- **Aim of the task**:
In the entries below, find the line with "Pijama Short e" and the line with "Polo Stripe Button Through - ECRU", then retype both and everything between them exactly. Do not copy the pictures.

- **Supplied records**:
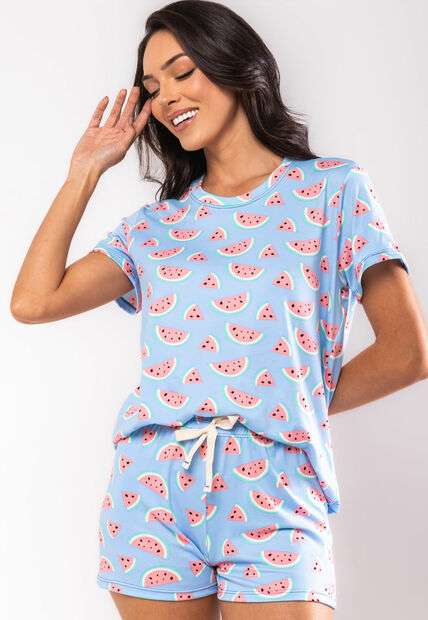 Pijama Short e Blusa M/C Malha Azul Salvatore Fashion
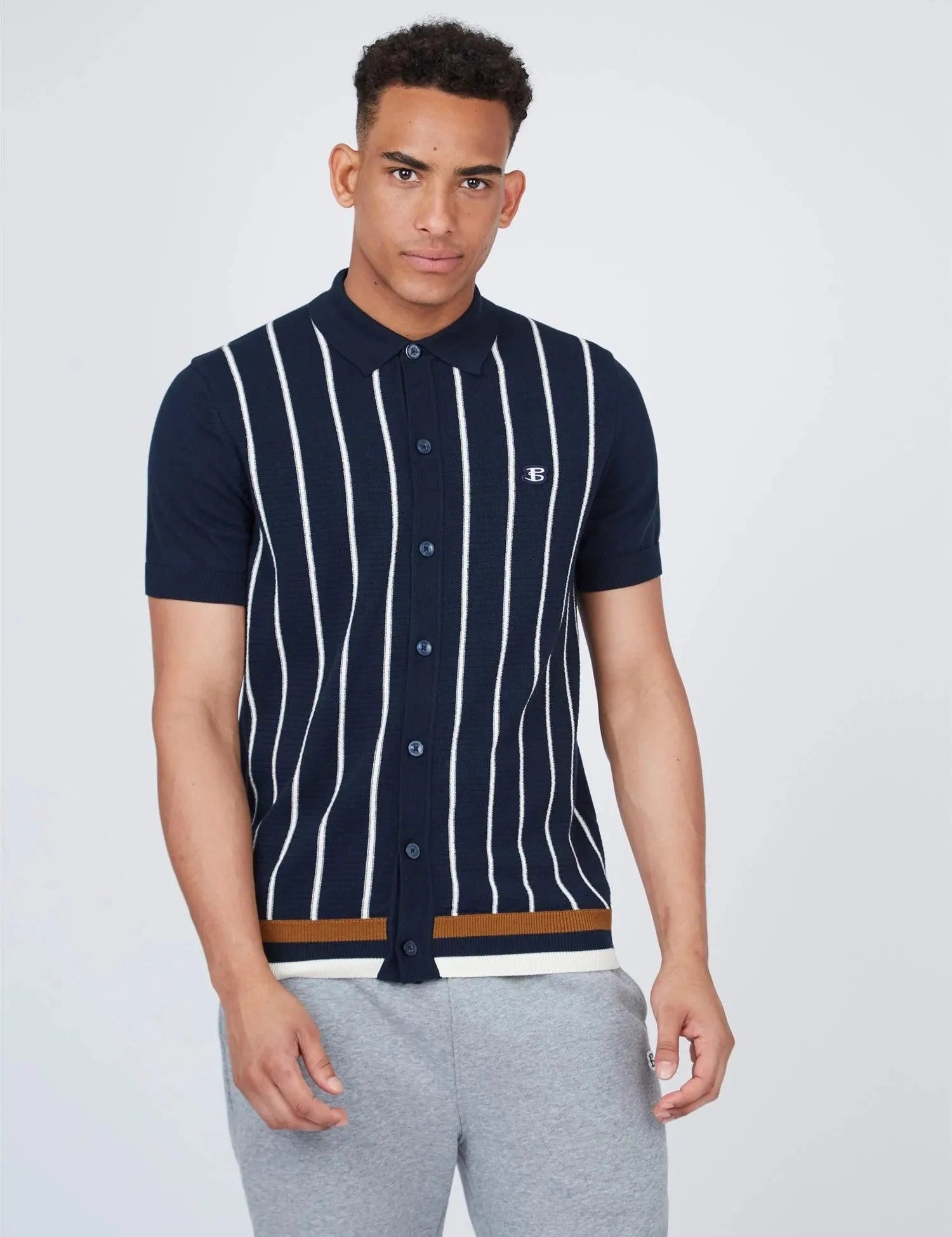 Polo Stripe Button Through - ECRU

* * *

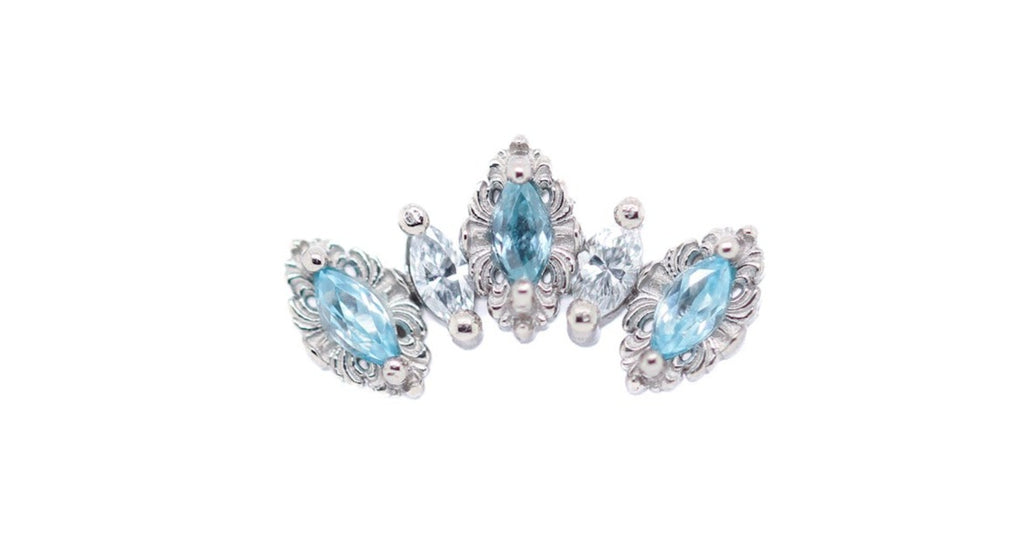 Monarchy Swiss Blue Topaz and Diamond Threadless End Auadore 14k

- **Answer section**:
 Pijama Short e Blusa M/C Malha Azul Salvatore Fashion
 Polo Stripe Button Through - ECRU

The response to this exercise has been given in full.